For now, operating terrestrial networks (TN) and NTN in co-exist mode is not possible over the same frequency. Regulators are yet to decide whether a specific spectrum/band shall be used for either type of network. For higher frequencies (above 24Ghz), there is a possibility for co-existence with certain limitations that needs further studies and analysis for feasibility and implications.

With the development of 5G systems, satcom can reduce the deployment and operation costs of terminals and other network infrastructure equipment while being able to facilitate a tighter operational integration into a heterogeneous network of networks. Certainly, the ongoing standardization efforts around 5G provide a unique opportunity to insert NTN-based services.
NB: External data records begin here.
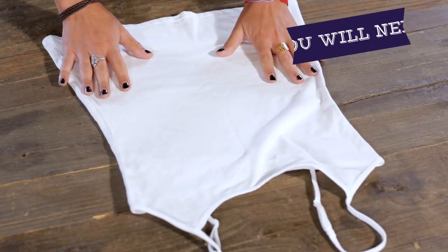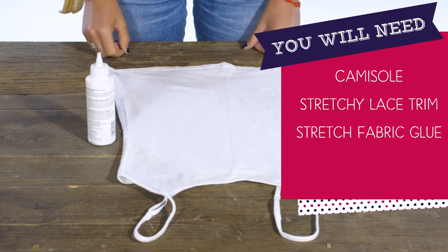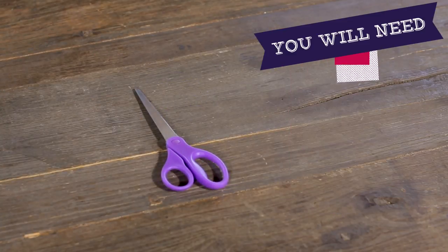Here's what you'll need to get started: a cami sole, stretchy lace trim, stretch fabric glue — you can pick this up at a craft store — and scissors. Make sure you get permission from your parents before you use them.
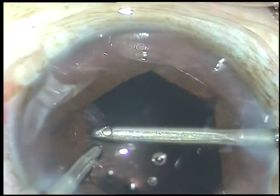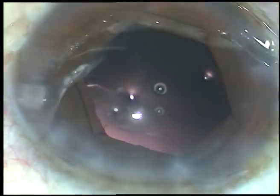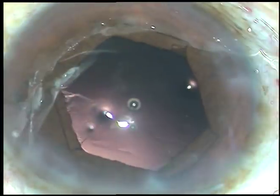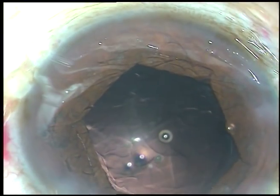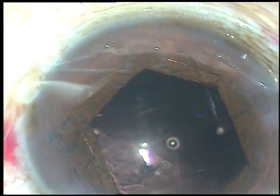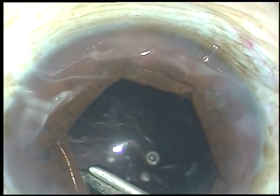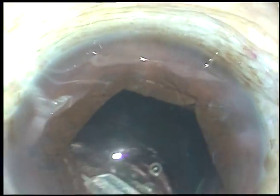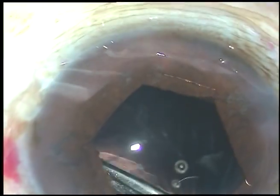Here I see that I am catching the iris and could not remove the cortex nicely — the portion which is underneath the iris. So I inject some more viscoelastic substance and ask for a 23-gauge Simcoe. Going underneath the iris, gently holding the cortical matter and removing it. The cortex is now nicely removed.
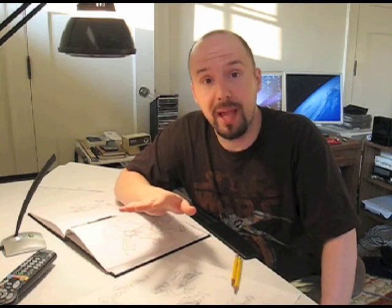Pretty cool, huh? So that's about it. I got the new equipment, it's all set. I think I'll be able to do videos, I'll be able to do time-lapses, I'll be able to do everything I want to do and put them back here on the website.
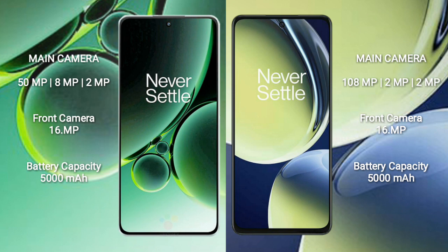The OnePlus Nord CE3 has a 5000mAh battery with 80W fast charging support. The OnePlus Nord CE3 Lite also has a 5000mAh battery but with 67W fast charging support.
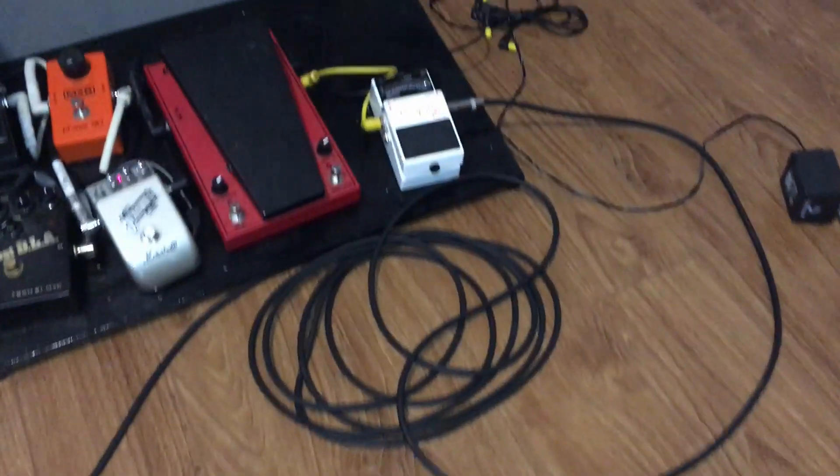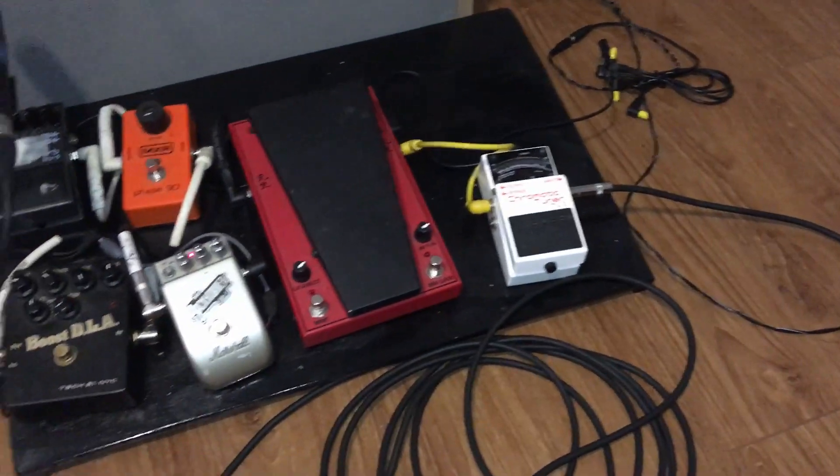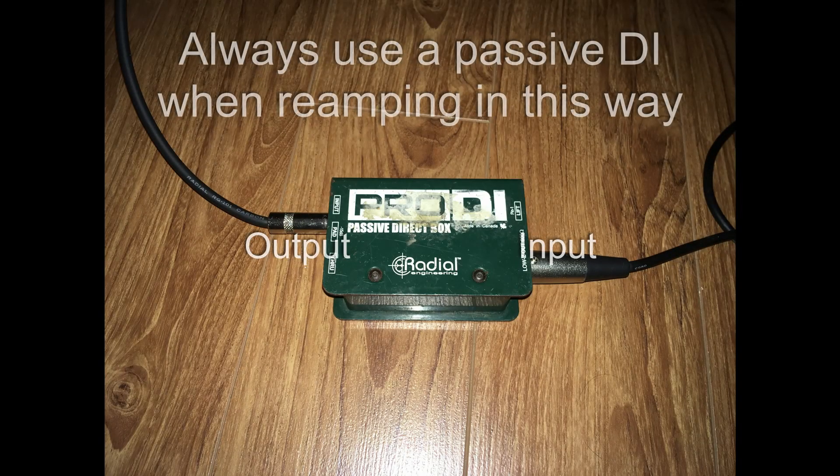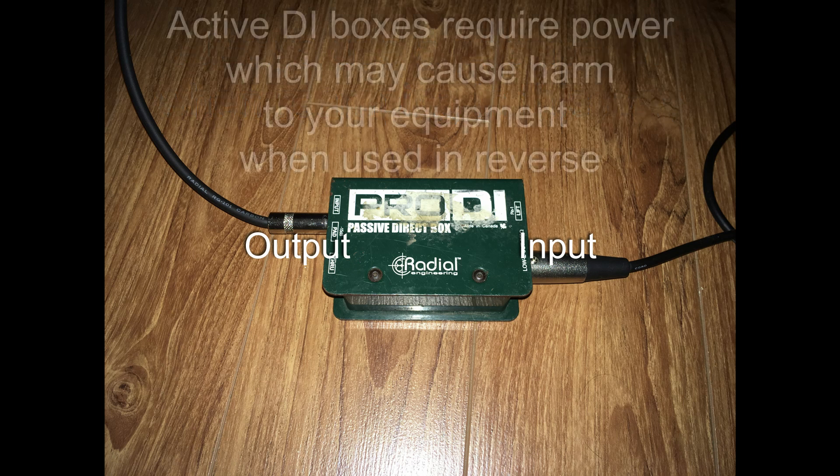Here's the sound of that guitar line reamped through my DI box.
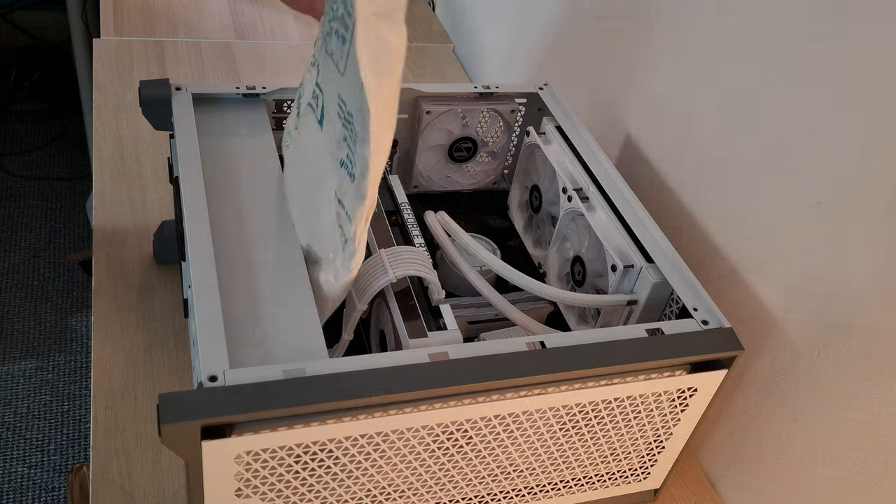This is a topic that doesn't get the attention it deserves, especially from the big YouTubers. I haven't found a good guide on how to do this, so you're in luck — I'm going to do it for you now. It's how to pack and ship a PC safely.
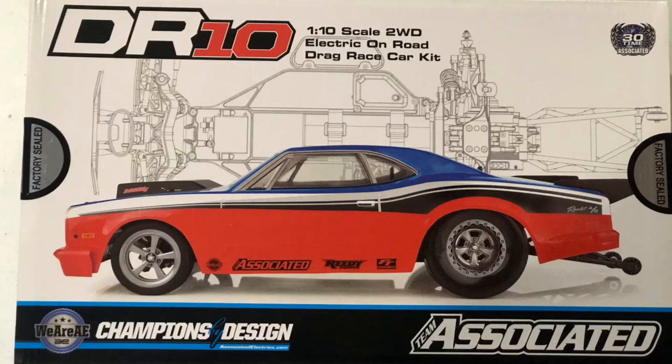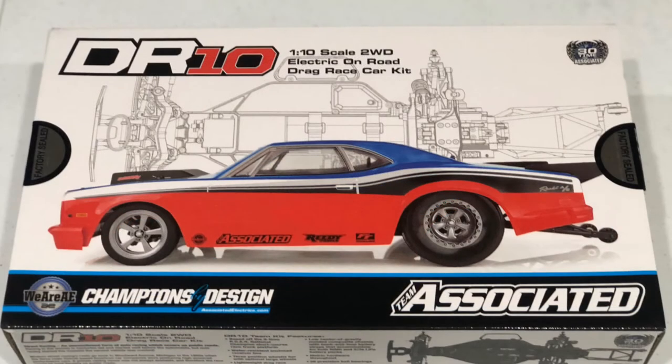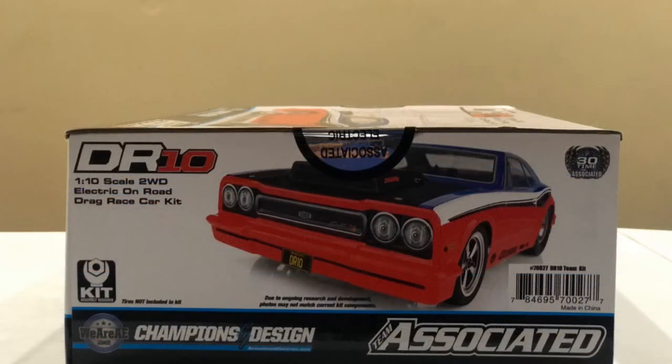UDRC — if y'all don't know, man, he can get you whatever you want RC, and he was able to get me my DR10. With that being said, this is not your normal unboxing video, but once I do get the vehicle in hand I will be doing my unboxing video. He's shipping that out to me Monday.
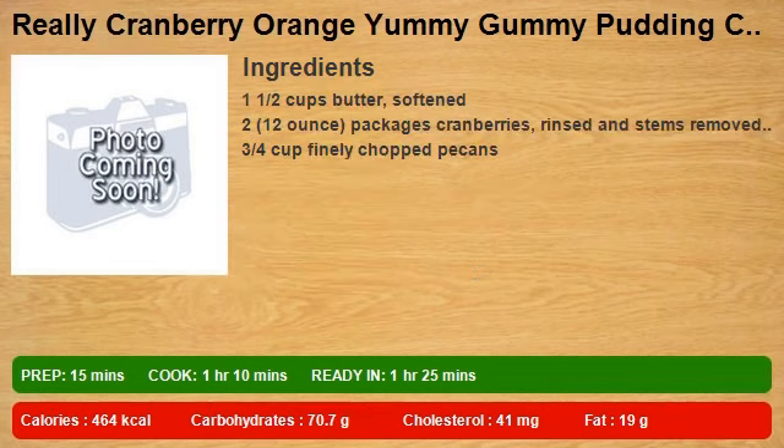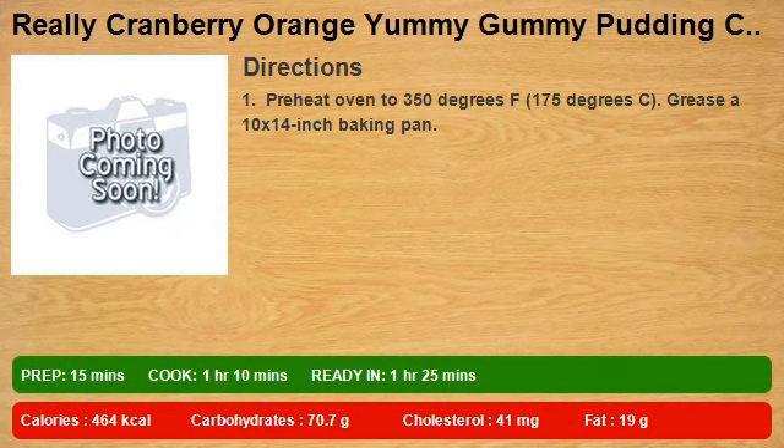1 and 1/2 cups butter softened, 2 12-ounce packages cranberries rinsed and stems removed if necessary, 3/4 cup finely chopped pecans. Step 1: preheat oven to 350 degrees F (175 degrees C), grease a 10 x 14 inch baking pan.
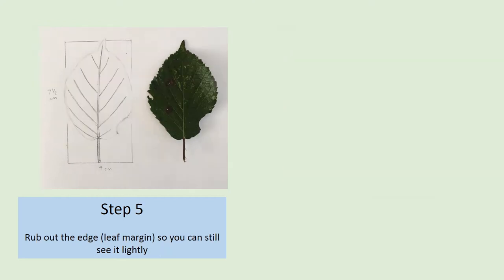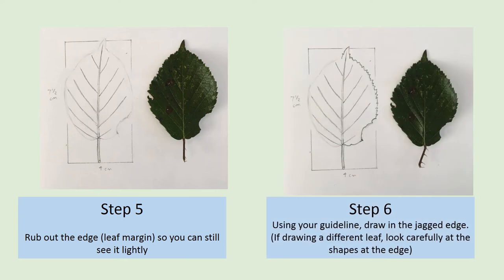Step 5: very carefully rub out your leaf edge, making sure you can still see it faintly as a guide, unless you drew it very lightly, in which case you can just go straight to Step 6. Step 6: now you need to look really carefully at the edge of the leaf and the shape of the teeth or spikes. Using your faint line as a guide, start to draw in this detail. Make sure you think about the way that the teeth are pointing.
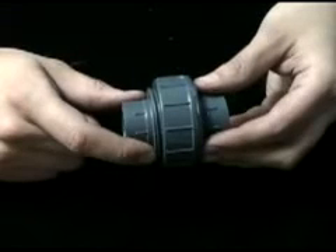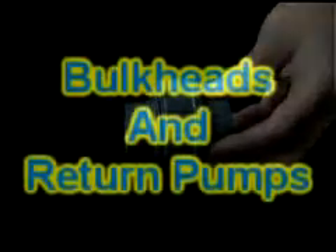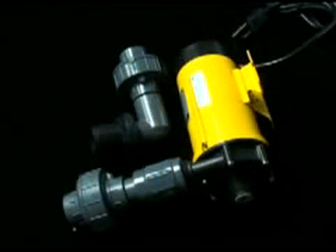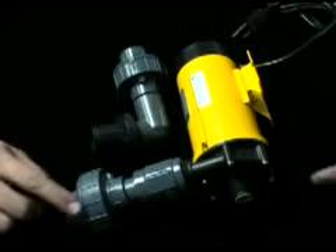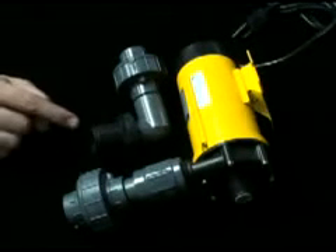There are three main reasons why advanced aquarists use unions everywhere they can. The most common place to utilize unions is on both ends of your return pump, as well as coming out of the bulkhead leaving the aquarium.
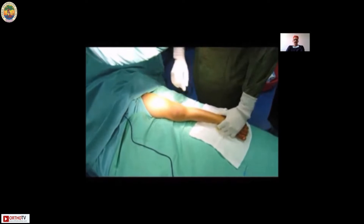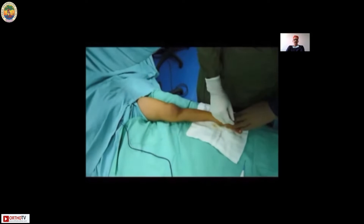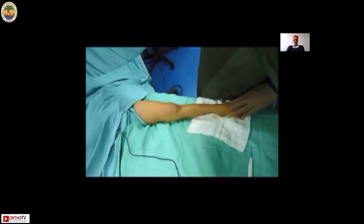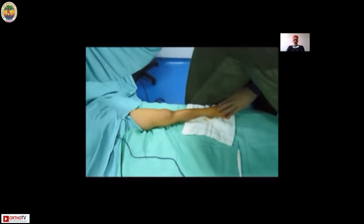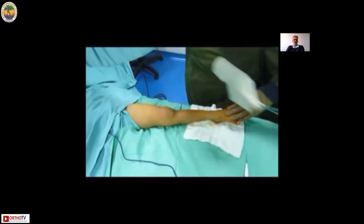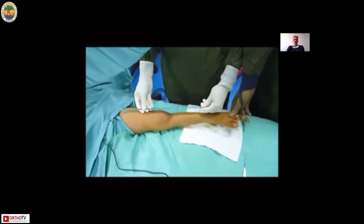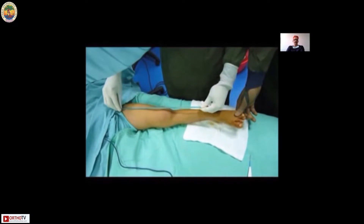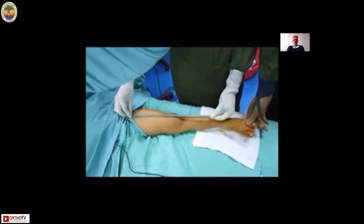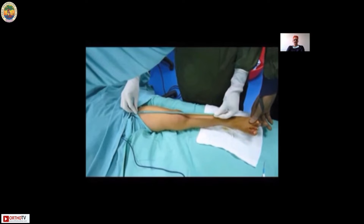The first step is to align the fracture by linear traction, then choose your nail. The seating points of the nail, which form a spindle, are the supra-condylar metaphyseal bone and the intertrochanteric metaphyseal bone, such that a spindle forms anti-fracture. The diameter of the nail should be chosen such that it occupies 40 percent of the canal at the isthmus — that is 0.4 times the inner canal diameter at the isthmus.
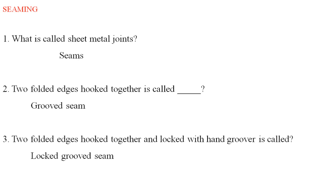What is called sheet metal joints? Sheet metal joints include welded joints, screw joints, and riveted joints.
Aside from the technological perspective, on business scope, NTN revenue opportunities include rural consumer broadband, rural business applications, automotive apps, industrial IoT services, end-to-end logistics and asset tracking, and remote health.

From one end to the other

In the long run, we would not be aware of whether we are communicating with a terrestrial tower or an NTN-based platform. Connectivity across borders will be achieved in a quicker, more reliable, and more affordable manner.  

Moving forward, broadband coverage will extend beyond the ground as the evolution of wireless connectivity encompasses the air and even space, connecting devices at various heights and levels.

With NTN, particularly satellites, the long haul and last mile are one and the same, eliminating failure risks by having a single end-to-end network provider that owns, operates and controls every portion of the network and can diagnose and fix problems unilaterally.

On a bigger scale, heterogeneous networks would involve operators who are already providing wholesale offering to MVNOs on their network. In line with this, the terrestrial network would have a direct relationship with satcom providers. The alternative access network provider then becomes a wholesale operator, offering roaming services or network as a service (NaaS) for better efficiency, agility, and flexibility.